Enfin, de l'avis général, les expérimentations actuellement menées dans certains départements ne permettent pas de tirer prévoir l'impact de la future réforme. "Il est très compliqué de faire un retour d'expérience puisque tout a été fait à droit constant", a expliqué Isabelle Trouslard. Pour Yann Bastière (Unité SGP police), les outre-mer sont les seuls exemples concrets qu'il faut observer, dès lors que des directions territoriales ont été mises en place à compter de 2020. "Or, c'est là où on commence à voir les dysfonctionnements apparaître", a-t-il indiqué.

Devant ce flot de critiques, la co-rapporteure  de la mission d'information Marie Guévenoux (Renaissance) a rappelé que la réorganisation envisagée n'avait pas pour but de remédier au problème du stock. "Ce qu'on voit dans les départements où la réforme a été expérimentée, c'est qu'il y a une meilleure coordination, une meilleure communication, une diffusion des compétences", a également assuré la députée de la commission des lois. Et de rappeler que le rapport annexé à la Lopmi devait répondre aux craintes des services de police judiciaire, en figeant notamment la cartographie actuelle de la PJ.

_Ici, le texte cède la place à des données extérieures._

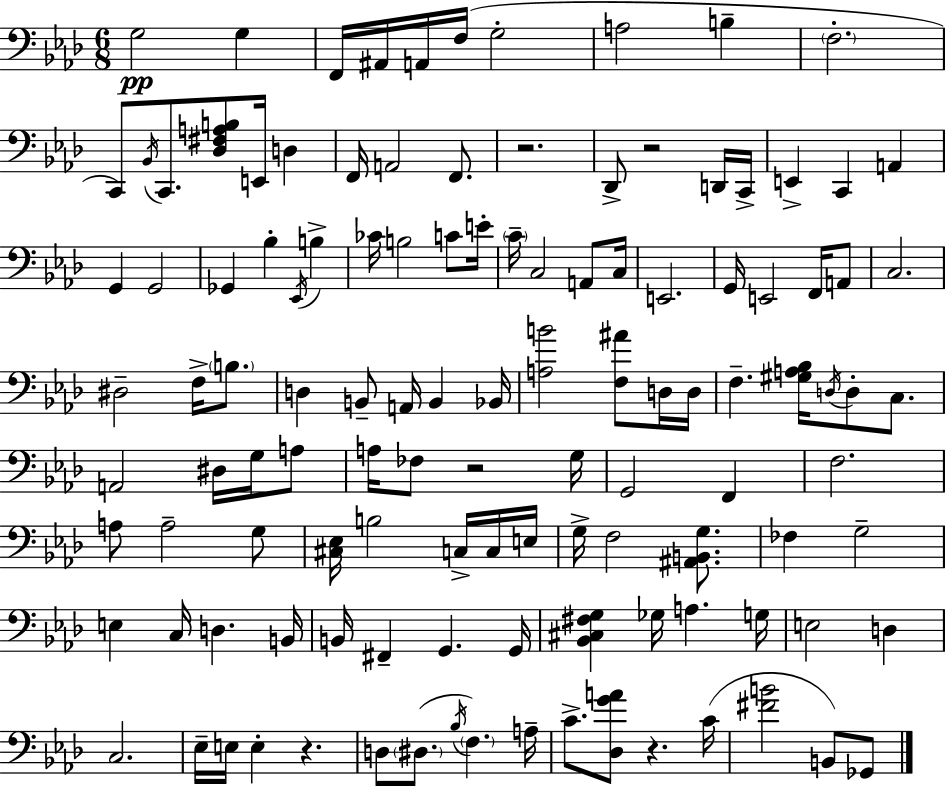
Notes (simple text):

G3/h G3/q F2/s A#2/s A2/s F3/s G3/h A3/h B3/q F3/h. C2/e Bb2/s C2/e. [Db3,F#3,A3,B3]/e E2/s D3/q F2/s A2/h F2/e. R/h. Db2/e R/h D2/s C2/s E2/q C2/q A2/q G2/q G2/h Gb2/q Bb3/q Eb2/s B3/q CES4/s B3/h C4/e E4/s C4/s C3/h A2/e C3/s E2/h. G2/s E2/h F2/s A2/e C3/h. D#3/h F3/s B3/e. D3/q B2/e A2/s B2/q Bb2/s [A3,B4]/h [F3,A#4]/e D3/s D3/s F3/q. [G#3,A3,Bb3]/s D3/s D3/e C3/e. A2/h D#3/s G3/s A3/e A3/s FES3/e R/h G3/s G2/h F2/q F3/h. A3/e A3/h G3/e [C#3,Eb3]/s B3/h C3/s C3/s E3/s G3/s F3/h [A#2,B2,G3]/e. FES3/q G3/h E3/q C3/s D3/q. B2/s B2/s F#2/q G2/q. G2/s [Bb2,C#3,F#3,G3]/q Gb3/s A3/q. G3/s E3/h D3/q C3/h. Eb3/s E3/s E3/q R/q. D3/e D#3/e. Bb3/s F3/q. A3/s C4/e. [Db3,G4,A4]/e R/q. C4/s [F#4,B4]/h B2/e Gb2/e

Éric Arella plaide pour sanctuariser des points dans la réforme

Débarqué en octobre dernier dans des conditions très médiatisées, en pleine grogne des services de PJ, l'ancien directeur zonal de la police judiciaire Sud, Éric Arella, a également été auditionnée par la mission d'information mardi. Dans un discours très feutré, le haut fonctionnaire a tenu à souligner ce qu'apporterait, selon lui, la réforme en filières, jugeant l'idée de la départementalisation "tout à fait intéressante". 

En parallèle, l'ex-patron de la PJ du sud de la France a néanmoins insisté sur certains points à sanctuariser dans la réforme, afin de ne pas mettre en danger les compétences des enquêteurs de la PJ et la lutte contre la criminalité organisée. Par dessus tout, conserver l'autorité hiérarchique du directeur zonal de la police judiciaire - à l'échelon supra-départemental -, alors que la réforme prévoit de la transformer en autorité "fonctionnelle". Cela permettrait de répondre, au moins concernant la PJ, aux inquiétudes des fonctionnaires sur le traitement de la criminalité du "haut du spectre", qui fait fi des frontières administratives.

Les conclusions de la mission rapportée par Marie Guévenoux (Renaissance) et Ugo Bernalicis (La France insoumise) sont attendues pour la fin du mois de janvier, ou pour le mois de février, en fonction de la publication des résultats de l'audit mené par les inspections des ministères de l'Intérieur et de la Justice.